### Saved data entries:
····················

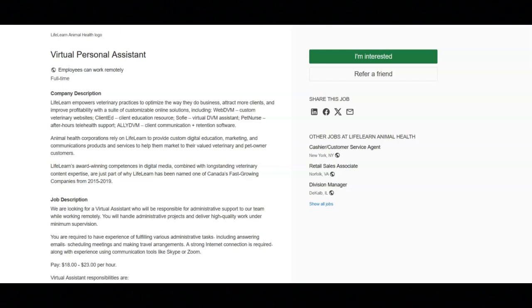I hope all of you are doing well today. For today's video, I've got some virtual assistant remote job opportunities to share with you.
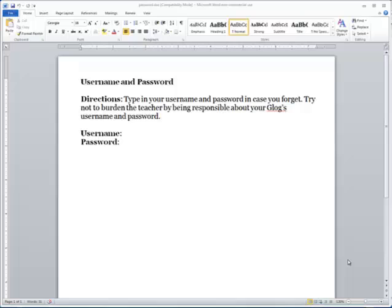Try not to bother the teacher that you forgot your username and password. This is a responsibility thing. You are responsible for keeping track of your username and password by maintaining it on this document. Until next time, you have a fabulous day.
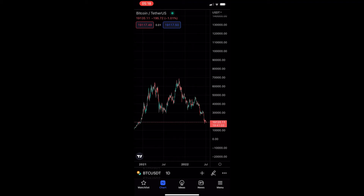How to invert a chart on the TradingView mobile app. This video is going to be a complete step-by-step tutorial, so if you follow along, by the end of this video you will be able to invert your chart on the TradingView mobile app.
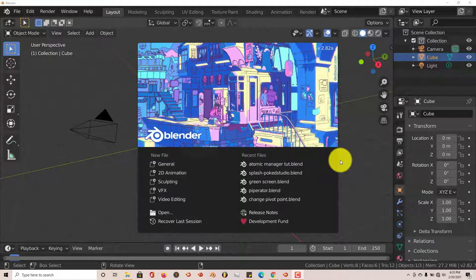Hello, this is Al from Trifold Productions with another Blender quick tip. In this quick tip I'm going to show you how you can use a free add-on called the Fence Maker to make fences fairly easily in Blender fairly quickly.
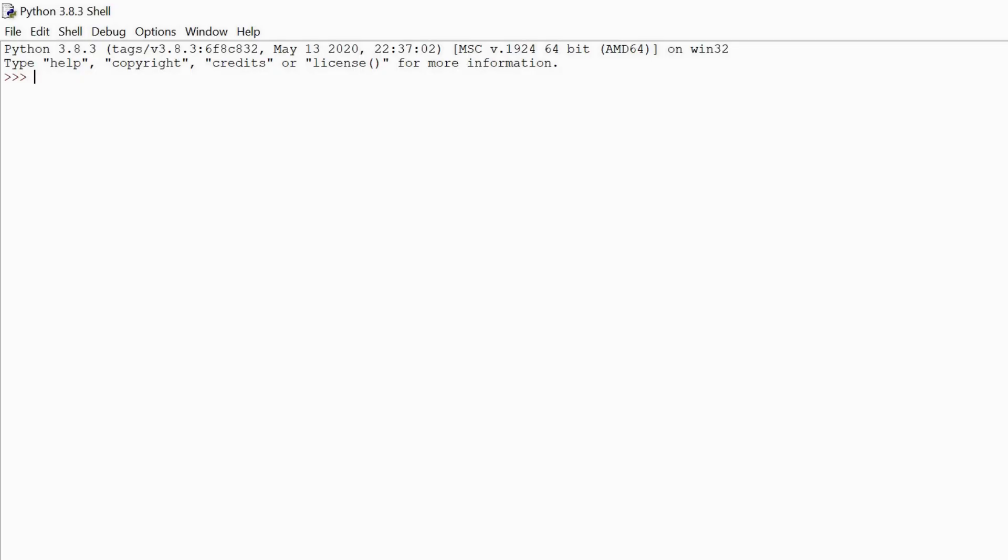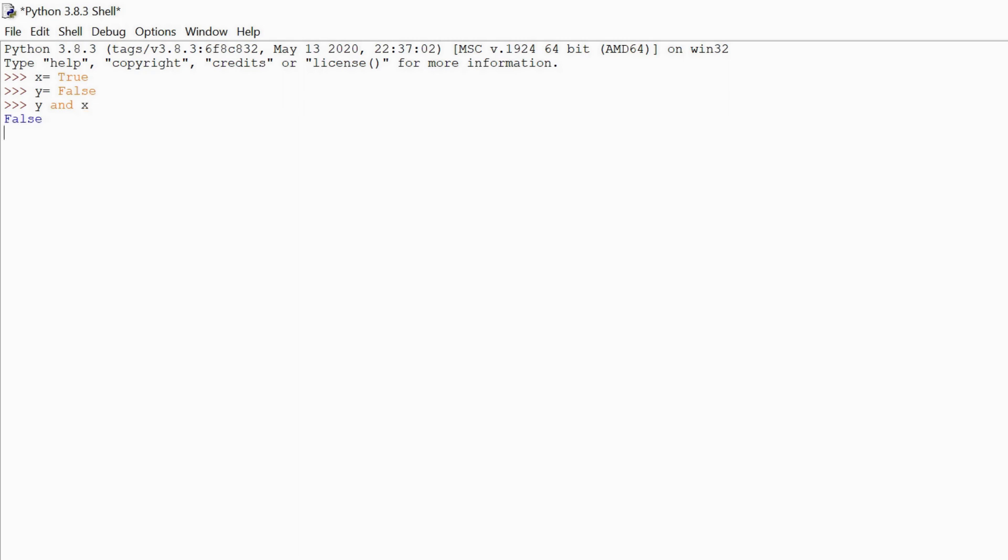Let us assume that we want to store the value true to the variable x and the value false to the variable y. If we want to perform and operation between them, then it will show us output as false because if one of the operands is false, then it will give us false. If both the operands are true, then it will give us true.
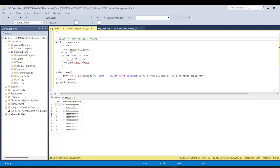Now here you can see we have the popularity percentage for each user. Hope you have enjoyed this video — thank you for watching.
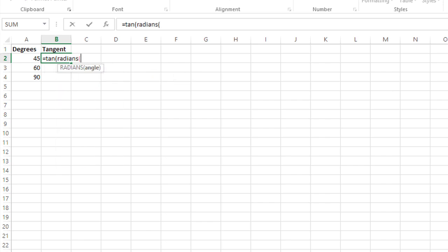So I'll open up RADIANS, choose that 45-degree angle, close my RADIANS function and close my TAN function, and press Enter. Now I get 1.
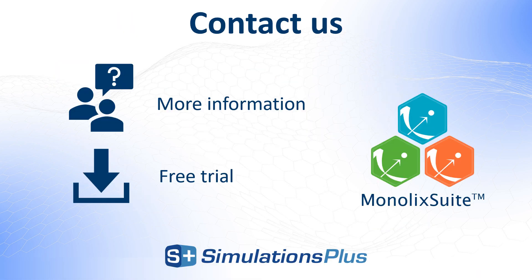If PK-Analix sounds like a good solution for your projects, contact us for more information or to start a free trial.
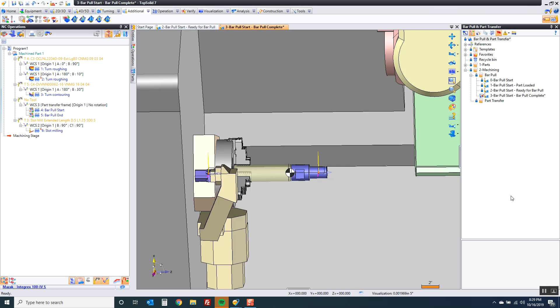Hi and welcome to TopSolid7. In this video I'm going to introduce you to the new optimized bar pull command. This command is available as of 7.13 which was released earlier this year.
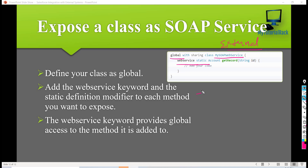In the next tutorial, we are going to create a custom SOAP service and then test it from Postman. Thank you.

····················

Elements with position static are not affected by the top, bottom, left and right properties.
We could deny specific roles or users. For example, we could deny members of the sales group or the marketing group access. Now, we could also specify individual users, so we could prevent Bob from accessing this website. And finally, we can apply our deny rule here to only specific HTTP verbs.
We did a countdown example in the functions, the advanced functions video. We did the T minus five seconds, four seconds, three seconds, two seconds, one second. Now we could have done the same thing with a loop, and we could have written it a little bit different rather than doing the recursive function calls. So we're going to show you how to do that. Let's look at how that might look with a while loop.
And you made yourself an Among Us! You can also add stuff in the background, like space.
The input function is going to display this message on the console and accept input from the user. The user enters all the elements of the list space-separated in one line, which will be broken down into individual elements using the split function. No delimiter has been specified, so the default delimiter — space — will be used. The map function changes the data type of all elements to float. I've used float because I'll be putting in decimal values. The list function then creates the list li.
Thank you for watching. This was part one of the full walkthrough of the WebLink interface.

····················

### YOUR GOAL:
The answer is the lines above from the one with "Let us assume" to the one with "Now here you", set down exactly, with no pictures.

### TASK OUTPUT:
Let us assume that we want to store the value true to the variable x and the value false to the variable y. If we want to perform and operation between them, then it will show us output as false because if one of the operands is false, then it will give us false. If both the operands are true, then it will give us true.
Now here you can see we have the popularity percentage for each user. Hope you have enjoyed this video — thank you for watching.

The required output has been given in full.